■ What is needed ■
Retype the lines from the one containing "a close up of" through the last line of the entries below, exactly and in full, omitting every image.

■ Stored data ■

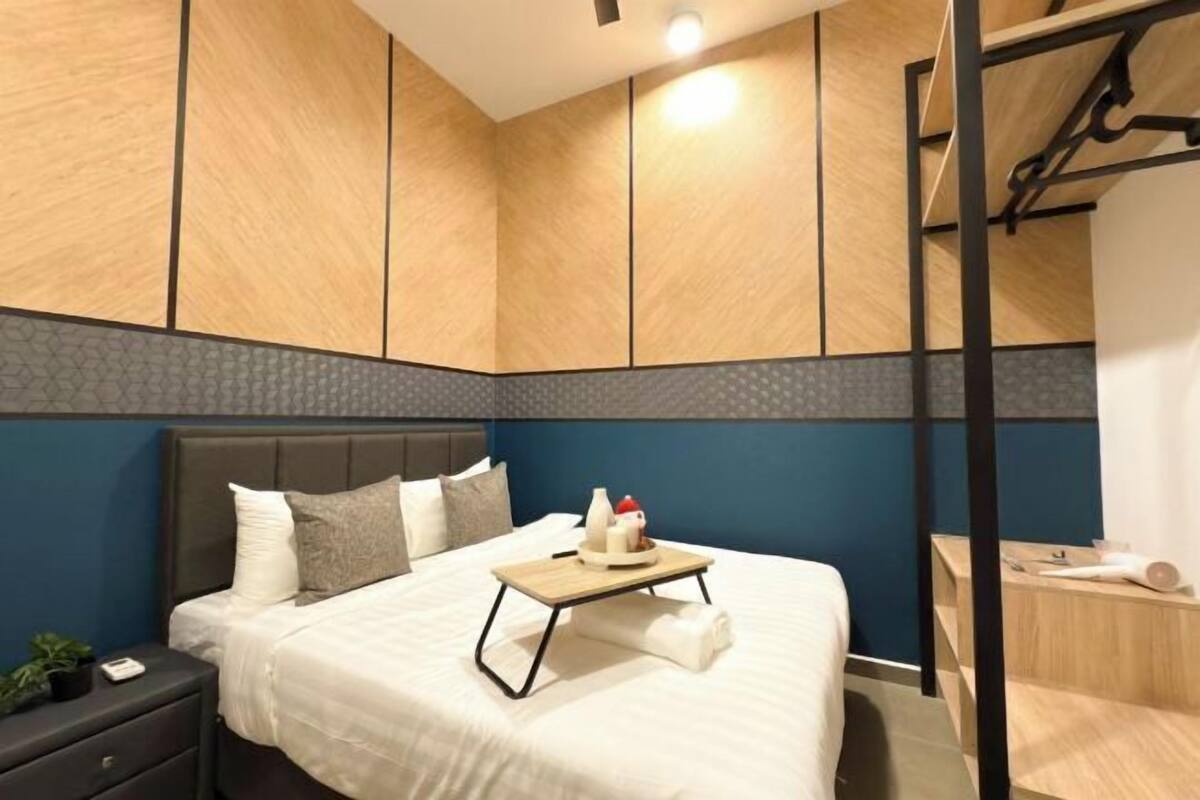 Una habitación de hotel moderna con cama, mesita de noche y un pequeño escritorio con silla.
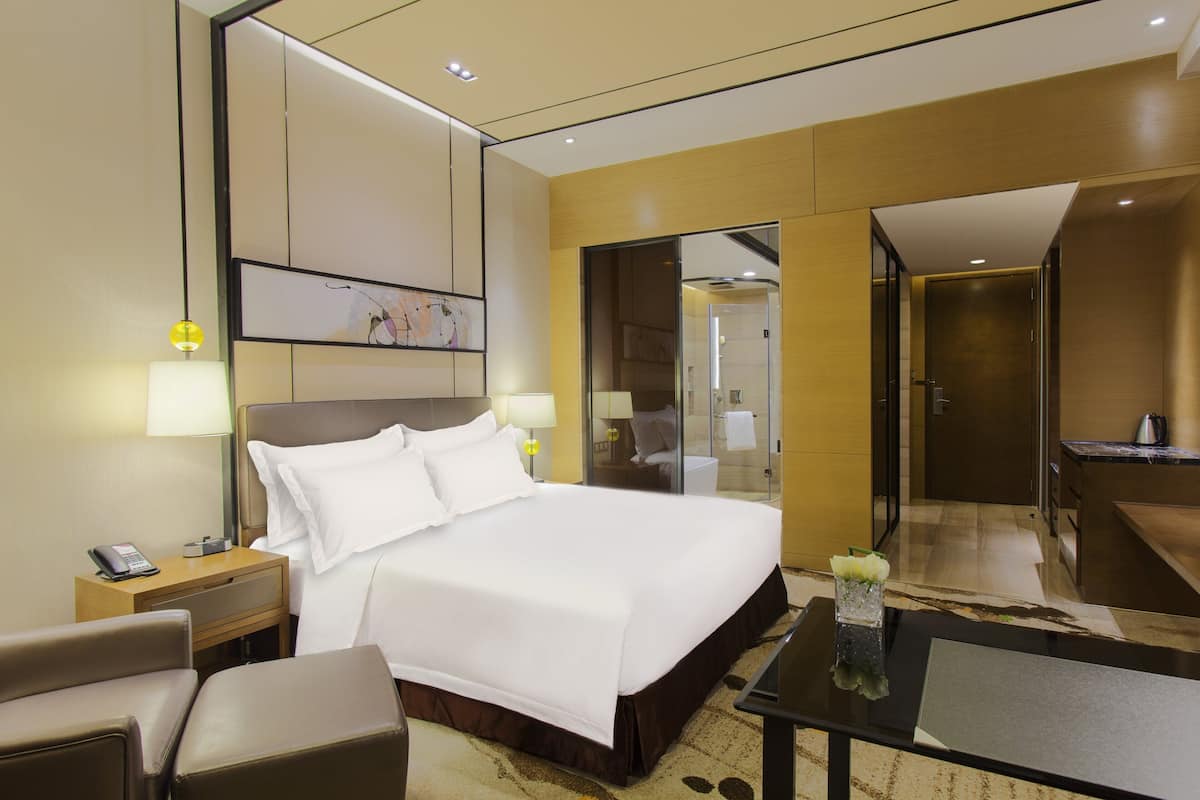 Ein modernes Hotelzimmer mit einem großen Bett, Nachttischen, einem Schreibtisch und einem durch eine Glastür einsehbaren Badezimmer.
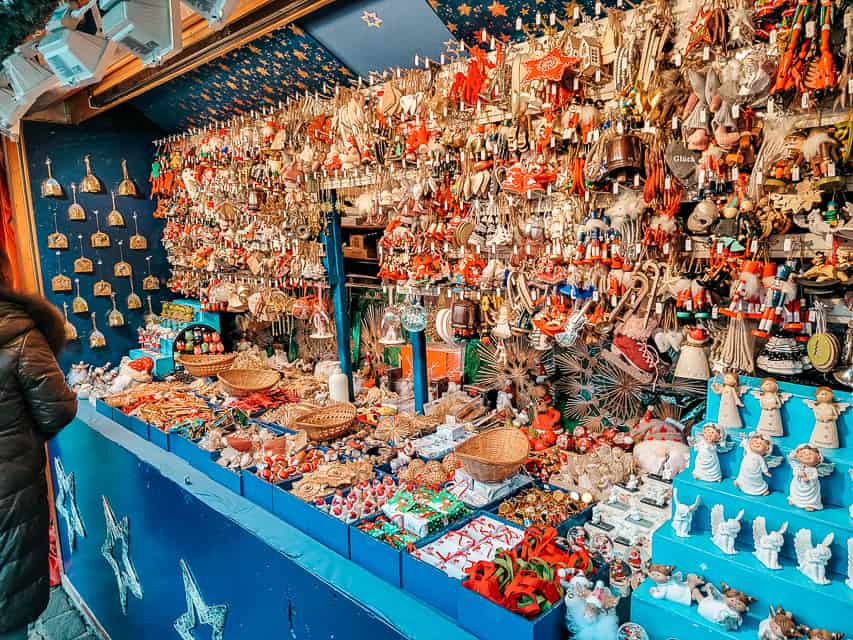 A blue market stall covered racks of Christmas ornaments, in colors of red, gold, and tan.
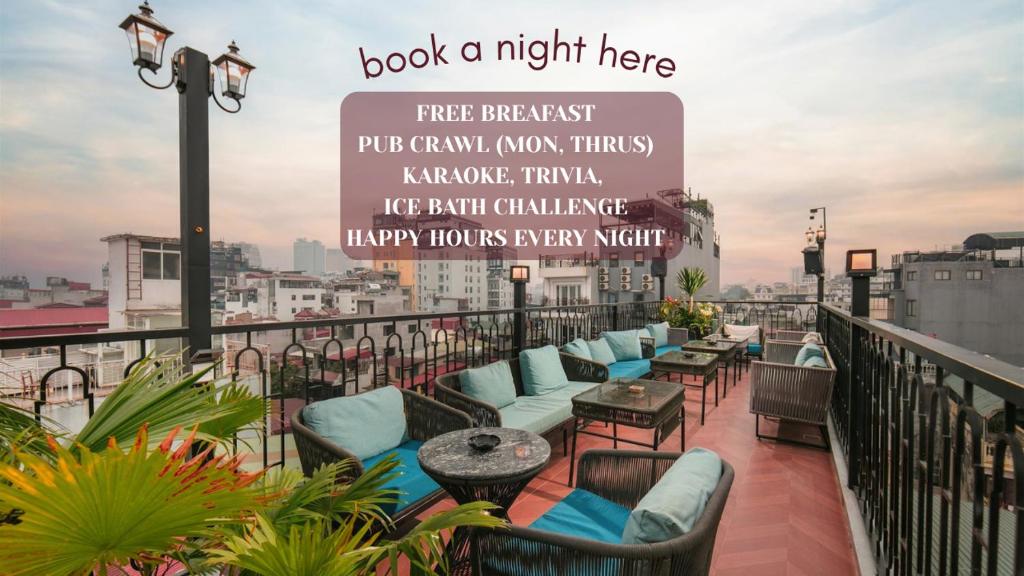 a balcony with chairs and tables on a building at Hanoi Loopers Hostel & Rooftop Bar in Hanoi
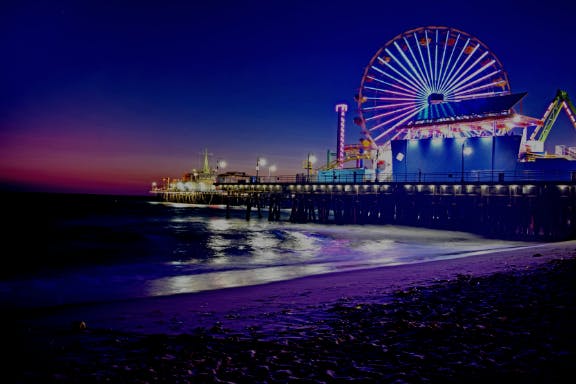 a close up of the coast of Santa Monica at night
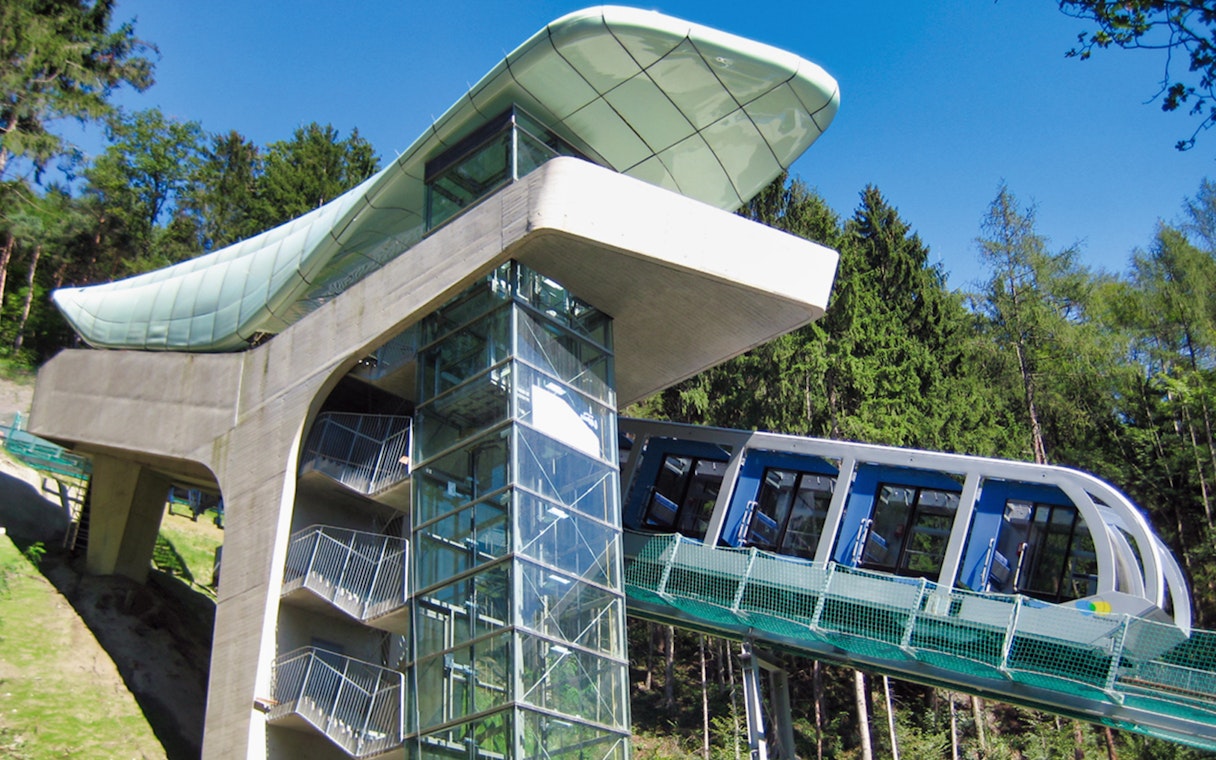 Nordkettenbahn funicular ascending through forested area in Innsbruck, Austria.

■ Answer space ■
 a close up of the coast of Santa Monica at night
 Nordkettenbahn funicular ascending through forested area in Innsbruck, Austria.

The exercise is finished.